Short descriptive text snippets
++++++++++
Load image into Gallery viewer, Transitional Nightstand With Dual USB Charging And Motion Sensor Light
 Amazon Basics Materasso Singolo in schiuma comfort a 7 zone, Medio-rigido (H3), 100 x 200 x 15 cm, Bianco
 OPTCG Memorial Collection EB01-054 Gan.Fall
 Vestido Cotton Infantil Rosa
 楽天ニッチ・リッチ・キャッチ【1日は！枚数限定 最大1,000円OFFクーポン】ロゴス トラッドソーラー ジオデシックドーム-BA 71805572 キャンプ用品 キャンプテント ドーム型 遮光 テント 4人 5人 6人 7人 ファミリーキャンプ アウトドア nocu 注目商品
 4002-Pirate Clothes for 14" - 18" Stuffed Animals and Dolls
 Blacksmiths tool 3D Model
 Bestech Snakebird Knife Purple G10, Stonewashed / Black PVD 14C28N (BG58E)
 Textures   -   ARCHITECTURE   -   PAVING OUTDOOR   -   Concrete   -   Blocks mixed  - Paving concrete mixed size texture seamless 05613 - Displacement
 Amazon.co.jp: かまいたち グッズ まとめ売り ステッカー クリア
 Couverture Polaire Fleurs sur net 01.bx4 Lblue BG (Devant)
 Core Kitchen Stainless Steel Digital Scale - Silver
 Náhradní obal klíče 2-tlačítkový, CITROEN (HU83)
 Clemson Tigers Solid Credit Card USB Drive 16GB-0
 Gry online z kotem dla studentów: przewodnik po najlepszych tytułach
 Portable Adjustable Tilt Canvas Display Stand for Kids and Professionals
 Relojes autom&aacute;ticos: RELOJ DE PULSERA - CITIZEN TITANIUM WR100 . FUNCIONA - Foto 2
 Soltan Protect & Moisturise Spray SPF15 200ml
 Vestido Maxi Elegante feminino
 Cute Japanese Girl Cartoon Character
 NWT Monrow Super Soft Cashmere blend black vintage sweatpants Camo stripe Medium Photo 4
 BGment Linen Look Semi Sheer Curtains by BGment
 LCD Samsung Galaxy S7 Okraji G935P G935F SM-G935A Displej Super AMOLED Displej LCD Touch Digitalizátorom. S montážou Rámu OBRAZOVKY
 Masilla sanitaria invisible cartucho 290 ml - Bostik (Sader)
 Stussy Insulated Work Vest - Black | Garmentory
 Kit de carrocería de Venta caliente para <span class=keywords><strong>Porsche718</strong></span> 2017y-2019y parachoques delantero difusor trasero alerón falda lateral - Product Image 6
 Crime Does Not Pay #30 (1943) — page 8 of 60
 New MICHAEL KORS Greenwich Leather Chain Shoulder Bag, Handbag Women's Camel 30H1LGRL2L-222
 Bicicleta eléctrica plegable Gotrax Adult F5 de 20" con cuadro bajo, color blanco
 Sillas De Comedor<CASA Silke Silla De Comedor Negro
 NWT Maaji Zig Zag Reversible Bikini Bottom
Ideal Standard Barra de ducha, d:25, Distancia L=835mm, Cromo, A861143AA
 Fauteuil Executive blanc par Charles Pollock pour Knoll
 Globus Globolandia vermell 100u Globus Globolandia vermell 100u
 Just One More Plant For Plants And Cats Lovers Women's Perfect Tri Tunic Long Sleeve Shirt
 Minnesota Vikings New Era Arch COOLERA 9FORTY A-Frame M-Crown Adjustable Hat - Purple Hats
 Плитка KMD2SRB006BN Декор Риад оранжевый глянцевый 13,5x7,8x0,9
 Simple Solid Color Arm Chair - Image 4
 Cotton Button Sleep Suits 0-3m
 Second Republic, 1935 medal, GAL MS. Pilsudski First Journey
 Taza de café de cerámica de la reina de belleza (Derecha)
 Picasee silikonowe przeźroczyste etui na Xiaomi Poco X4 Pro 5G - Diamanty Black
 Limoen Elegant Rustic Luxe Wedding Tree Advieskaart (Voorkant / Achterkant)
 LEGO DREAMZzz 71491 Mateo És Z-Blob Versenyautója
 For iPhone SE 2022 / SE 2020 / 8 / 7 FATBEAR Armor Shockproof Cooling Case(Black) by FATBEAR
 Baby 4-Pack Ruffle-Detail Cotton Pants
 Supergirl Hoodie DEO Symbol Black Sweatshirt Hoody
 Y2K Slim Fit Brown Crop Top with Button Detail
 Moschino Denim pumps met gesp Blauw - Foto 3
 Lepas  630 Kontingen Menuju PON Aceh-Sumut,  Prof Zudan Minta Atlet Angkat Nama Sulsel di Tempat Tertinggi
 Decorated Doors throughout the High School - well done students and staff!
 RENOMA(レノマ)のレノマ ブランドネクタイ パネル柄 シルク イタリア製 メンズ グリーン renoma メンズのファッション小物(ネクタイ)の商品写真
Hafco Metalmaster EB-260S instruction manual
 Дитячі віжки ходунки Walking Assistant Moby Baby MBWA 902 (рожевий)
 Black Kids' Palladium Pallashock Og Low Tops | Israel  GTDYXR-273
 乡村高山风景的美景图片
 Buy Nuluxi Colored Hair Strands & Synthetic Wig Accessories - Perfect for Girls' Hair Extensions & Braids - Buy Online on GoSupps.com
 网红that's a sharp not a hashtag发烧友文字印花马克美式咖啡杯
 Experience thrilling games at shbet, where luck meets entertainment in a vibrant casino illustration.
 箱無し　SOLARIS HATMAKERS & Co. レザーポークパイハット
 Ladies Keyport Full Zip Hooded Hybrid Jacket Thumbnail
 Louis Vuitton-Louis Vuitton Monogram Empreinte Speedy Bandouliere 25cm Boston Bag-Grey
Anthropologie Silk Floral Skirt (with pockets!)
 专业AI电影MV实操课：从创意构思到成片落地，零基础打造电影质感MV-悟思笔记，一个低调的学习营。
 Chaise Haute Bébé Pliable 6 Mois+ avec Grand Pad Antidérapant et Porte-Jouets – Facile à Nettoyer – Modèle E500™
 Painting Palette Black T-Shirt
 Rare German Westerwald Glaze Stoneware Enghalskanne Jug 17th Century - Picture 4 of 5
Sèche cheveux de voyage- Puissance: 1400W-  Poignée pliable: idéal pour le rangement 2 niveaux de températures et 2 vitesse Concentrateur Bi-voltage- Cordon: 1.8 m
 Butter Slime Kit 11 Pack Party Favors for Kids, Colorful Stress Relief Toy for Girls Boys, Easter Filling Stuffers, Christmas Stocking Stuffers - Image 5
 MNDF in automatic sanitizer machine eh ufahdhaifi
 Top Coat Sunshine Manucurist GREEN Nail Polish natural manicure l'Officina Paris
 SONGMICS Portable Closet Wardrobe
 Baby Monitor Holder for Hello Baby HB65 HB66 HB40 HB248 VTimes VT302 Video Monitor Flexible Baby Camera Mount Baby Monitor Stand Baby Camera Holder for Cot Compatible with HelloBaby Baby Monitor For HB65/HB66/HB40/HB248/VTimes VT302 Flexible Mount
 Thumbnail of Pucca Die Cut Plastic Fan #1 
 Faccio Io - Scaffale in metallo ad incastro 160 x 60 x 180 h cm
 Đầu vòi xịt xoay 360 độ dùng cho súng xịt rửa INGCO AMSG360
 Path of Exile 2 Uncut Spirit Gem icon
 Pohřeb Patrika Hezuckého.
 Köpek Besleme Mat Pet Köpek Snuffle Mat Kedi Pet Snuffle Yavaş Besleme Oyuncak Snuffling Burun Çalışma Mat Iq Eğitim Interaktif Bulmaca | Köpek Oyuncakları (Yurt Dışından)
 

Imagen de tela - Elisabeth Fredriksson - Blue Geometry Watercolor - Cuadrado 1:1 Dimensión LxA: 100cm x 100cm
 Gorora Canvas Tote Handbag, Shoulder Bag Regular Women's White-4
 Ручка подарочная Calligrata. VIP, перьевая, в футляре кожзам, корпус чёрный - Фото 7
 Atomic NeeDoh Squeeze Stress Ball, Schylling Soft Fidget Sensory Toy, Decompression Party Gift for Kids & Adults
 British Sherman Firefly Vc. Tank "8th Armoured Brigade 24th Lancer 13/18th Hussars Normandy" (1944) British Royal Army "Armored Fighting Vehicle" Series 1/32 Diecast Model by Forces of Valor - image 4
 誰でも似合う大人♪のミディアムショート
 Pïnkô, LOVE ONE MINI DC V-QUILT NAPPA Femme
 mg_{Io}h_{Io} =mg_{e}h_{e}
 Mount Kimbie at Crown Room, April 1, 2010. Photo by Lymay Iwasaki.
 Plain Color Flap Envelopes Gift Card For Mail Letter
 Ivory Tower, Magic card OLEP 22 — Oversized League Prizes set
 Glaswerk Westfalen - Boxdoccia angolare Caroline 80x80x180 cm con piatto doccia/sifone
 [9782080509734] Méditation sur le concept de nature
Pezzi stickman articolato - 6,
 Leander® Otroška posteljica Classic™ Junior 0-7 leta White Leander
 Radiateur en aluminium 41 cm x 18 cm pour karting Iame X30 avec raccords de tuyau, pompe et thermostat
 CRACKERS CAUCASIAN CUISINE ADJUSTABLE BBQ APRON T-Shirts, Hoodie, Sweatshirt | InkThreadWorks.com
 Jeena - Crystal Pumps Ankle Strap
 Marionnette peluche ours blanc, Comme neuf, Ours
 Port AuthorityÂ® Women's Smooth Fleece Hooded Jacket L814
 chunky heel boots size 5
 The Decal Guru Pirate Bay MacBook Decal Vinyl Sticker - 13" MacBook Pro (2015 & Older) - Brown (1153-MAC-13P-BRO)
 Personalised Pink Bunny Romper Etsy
++++++++++
All lines from the one that holds "Leander® Otroška posteljica" through the end of the records are to be returned exactly, including both boundary lines, and no others.

 Leander® Otroška posteljica Classic™ Junior 0-7 leta White Leander
 Radiateur en aluminium 41 cm x 18 cm pour karting Iame X30 avec raccords de tuyau, pompe et thermostat
 CRACKERS CAUCASIAN CUISINE ADJUSTABLE BBQ APRON T-Shirts, Hoodie, Sweatshirt | InkThreadWorks.com
 Jeena - Crystal Pumps Ankle Strap
 Marionnette peluche ours blanc, Comme neuf, Ours
 Port AuthorityÂ® Women's Smooth Fleece Hooded Jacket L814
 chunky heel boots size 5
 The Decal Guru Pirate Bay MacBook Decal Vinyl Sticker - 13" MacBook Pro (2015 & Older) - Brown (1153-MAC-13P-BRO)
 Personalised Pink Bunny Romper Etsy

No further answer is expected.